The Trouble With Fun

I’ve written about how we can use fun – play and games – to learn important skills. Some school subjects are fun to learn, at least for some students. And many teachers are fabulous at bringing fun into the classroom. It has even been discovered that positive emotions make learning easier and promote hard work.1

But associating fun with learning can bring trouble if we take it too far. Learning isn’t always fun, and students need to figure out how to deal with that. In fact, learning is often boring, tedious work, and sometimes, learning is downright painful. By the time they reach middle school, most students are not having fun with most of their learning. If they’ve bought into the idea that learning should always be fun, they’ll have a hard time succeeding.

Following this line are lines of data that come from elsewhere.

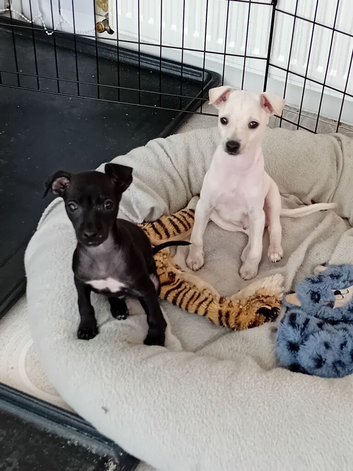 Italian Greyhound Puppies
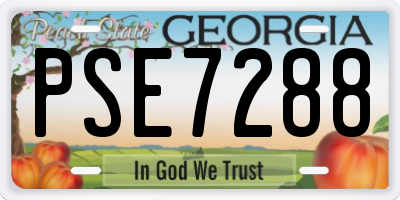 GA license plate PSE7288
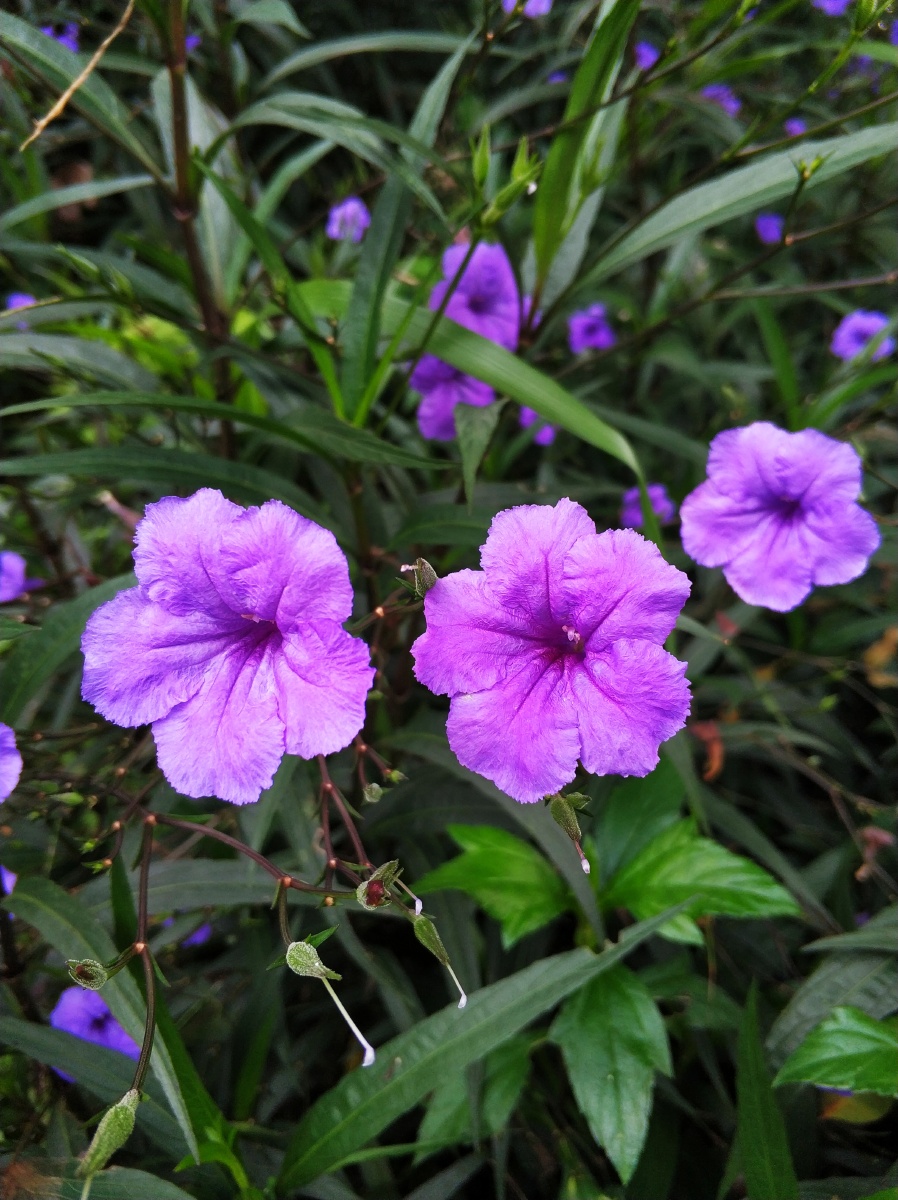 沾花惹草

Here’s Dr. Barbara Oakley’s take from a recent New York Times column:

“All learning isn’t — and shouldn’t be — ‘fun.’ Mastering the fundamentals is why we have children practice scales and chords when they’re learning to play a musical instrument, instead of just playing air guitar. It’s why we have them practice moves in dance and soccer, memorize vocabulary while learning a new language and internalize the multiplication tables. In fact, the more we try to make all learning fun, the more we do a disservice to children’s abilities to grapple with and learn difficult topics. … Some learning just plain requires effortful practice, especially in the initial stages. Practice and, yes, even some memorization are what allow the neural patterns of learning to take form.” 2

She also points out the essential role that “rote” practice has in mastering any domain, explaining that “becoming an expert at anything requires the development of neural patterns that are acquired through much practice and repetition.”2 The trouble is, of course, that rote practice isn’t fun. It’s boring and tedious, so schools have mostly done away with it. But the need for rote practice remains, and some parents have recognized this need, so they send their children to institutions like Kumon.

In parallel, schools have come to prioritize understanding over mastery. This is especially true in math class, where a new topic is presented each day until most of the students “get it,” and then the class moves on to a different topic the next day. A single homework assignment is all the practice students are ever asked to complete with each topic. If the students are going to move beyond understanding and form long-term memories by walking the mastery path, they’ll have to choose to engage in spaced repetition. Given the underdeveloped executive function of most children and teenagers, this is unlikely to happen.

Here’s Dr. Oakley again:

“Understanding is part of acquiring expertise, but it certainly isn’t all. But today’s ‘understanding-centered’ approach to learning math, combined with efforts to make the subject more ‘fun’ by avoiding drill and practice, shortchanges children of the essential process of instilling the neural patterns they need to be successful.”2

And guess what happens if you never do the un-fun work of rote practice? Math becomes more and more difficult. And if learning is supposed to be fun, you’ve got a prime excuse to avoid engaging with math. Echoing my description of the downward spiral of math avoidance, Dr. Oakley writes: “You can begin to avoid practicing it, because to your mind, that practice is more painful than learning what comes more easily. Not practicing, in turn, transforms what started out as a mere aversion into a genuine lack of competence.”2

The only way out of this downward spiral is diligently working on math skills, despite the fact that such work isn’t any fun.

I certainly try to bring fun to the table in my coaching sessions with students, mostly by being a complete goofball, but I don’t pretend that hard work is play, I don’t pretend to love Shakespeare, and I don’t shy away from asking students to get started on work they don’t feel like doing. I know that they’ll eventually seek out a career they love, but I also know that succeeding in that career will entail doing a great deal of work that isn’t fun. And I would be saddened to see anyone allow un-fun but totally necessary work get in the way of pursuing their dreams.

(For more on the topic of creating a career you love, check out my post why you have to work your way into a calling rather than discover it through self-reflection.)

1 Achor, Shawn. The Happiness Advantage: The Seven Principles of Positive Psychology That Fuel Success and Performance at Work. Crown Business, 2010.

2 Oakley, Barbara. “Make Your Daughter Practice Math. She’ll Thank You Later.” The New York Times. Aug. 7, 2018.